Il ne fait guère de doute que les modes de production et les modes de vie devront être profondément modifiés dans les années et décennies qui viennent. Il va falloir, en moyenne, adopter des solutions qui, selon les Nations unies, permettent de diviser par cinq d’ici à 2050 les émissions de gaz à effet de serre des pays dits développés ; qui réduisent dans de fortes proportions les transports automobile et aérien, le commerce international sur de longues distances, l’usage de ressources fossiles, d’eau et de matières premières, la consommation de viande bovine et de poisson, etc. Mais la référence à la moyenne laisse entière la question de savoir qui sera prioritairement affecté par ces limitations. L’avenir soutenable n’est nullement dans la réduction de tout, dans l’appauvrissement général et la pénurie, bien au contraire, mais il y aura à la fois des facteurs de développement du bien-être et des diminutions de consommation matérielle dans certains domaines.

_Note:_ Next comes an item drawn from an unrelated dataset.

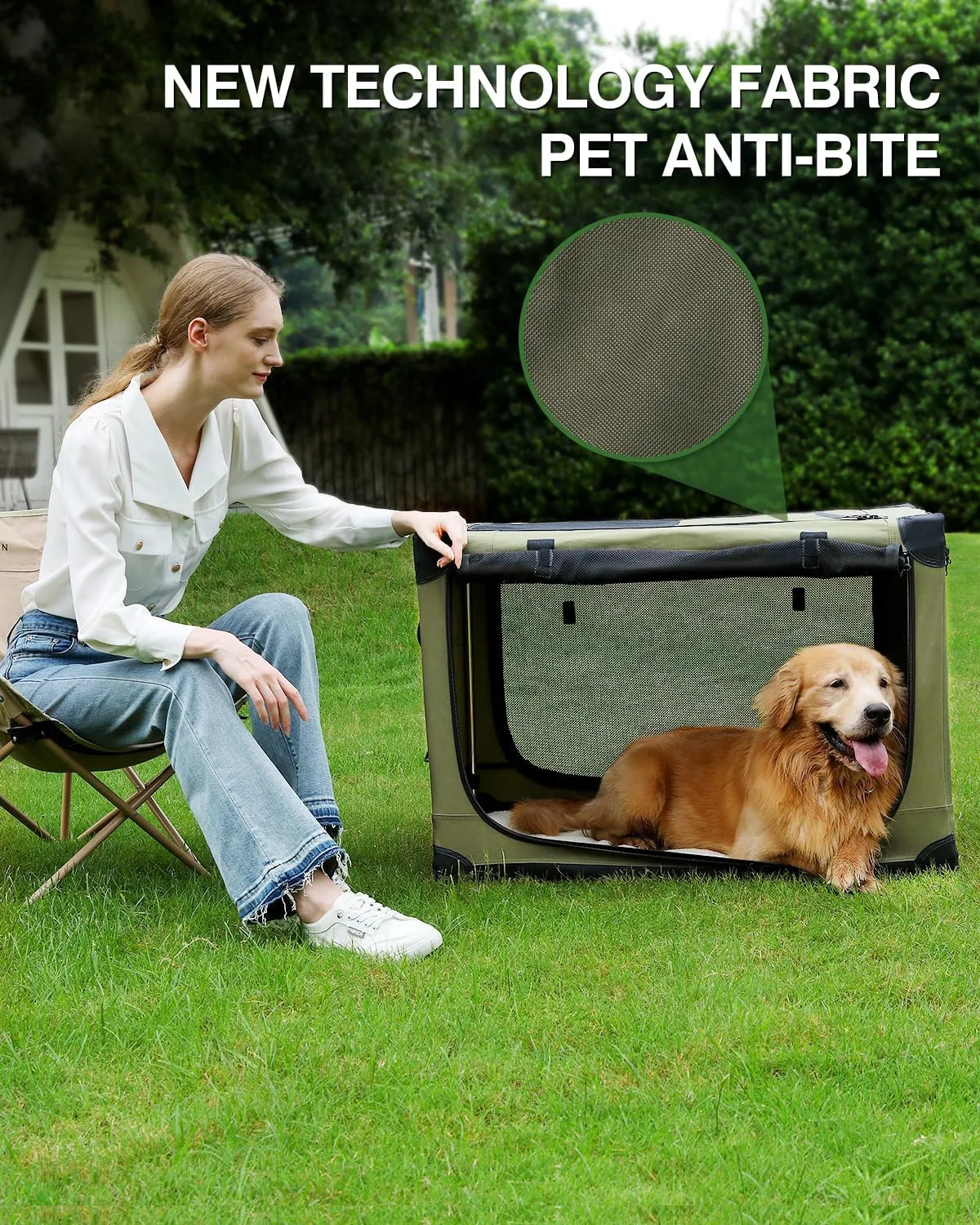 36 Inch Collapsible Travel Dog Crate for Medium Large Dogs, Portable Dog Crate 4-Door Foldable Soft Kennel with Chew-Proof Mesh Windows for Indoor & Outdoor Travel,with Storage Bag,Green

La réduction des inégalités est absolument décisive pour que tous accèdent à des modes de vie soutenables et désirables.

Cette condition impérative n’est toutefois pas la seule. Un « régime post-croissance » dans une société soutenable est incompatible avec le capitalisme financier et actionnarial encore dominant, qui nous a enfoncés dans une crise d’autant plus durable que rien de sérieux n’a été fait pour réduire le pouvoir de nuisance de la finance libéralisée. La question se pose même de la capacité d’un capitalisme réformé à nous sortir de la zone des tempêtes à répétitions. C’est l’un des objets de la quatrième partie, consacrée également à des propositions plus immédiates.

Le temps n’est plus où l’on pouvait définir le « développement durable » en invoquant « les générations futures ». Avec l’espérance de vie actuelle, mes petits-enfants devraient vivre jusqu’en 2085, 2090 ou plus. Sans cesser de penser aux générations du futur, c’est d’abord à eux et aux jeunes de la génération actuelle que je dédie ce livre, ainsi qu’aux enfants et aux adultes qui, au Sud, subissent déjà les premiers effets tragiques d’une crise écologique et sociale qui les affame et leur pourrit la vie, avant de pourrir celle de l’humanité si on ne reprend pas tout à la racine.

[1]. Pour d’autres extraits, voir ce lien : http://ecorev.org/spip.php?article507

[2]. Publié chez Aubier et réédité en format poche en 2008 sous le titre Au-delà du PIB. Pour une autre mesure de la richesse (Flammarion, « Champs »).

[3]. Réédité lui aussi en 2008 puis en 2010 avec des compléments (éditions de l’Aube).

[4]. Titre d’un livre de Jean Gadrey et Florence Jany-Catrice, La découverte, 2e éd. 2007.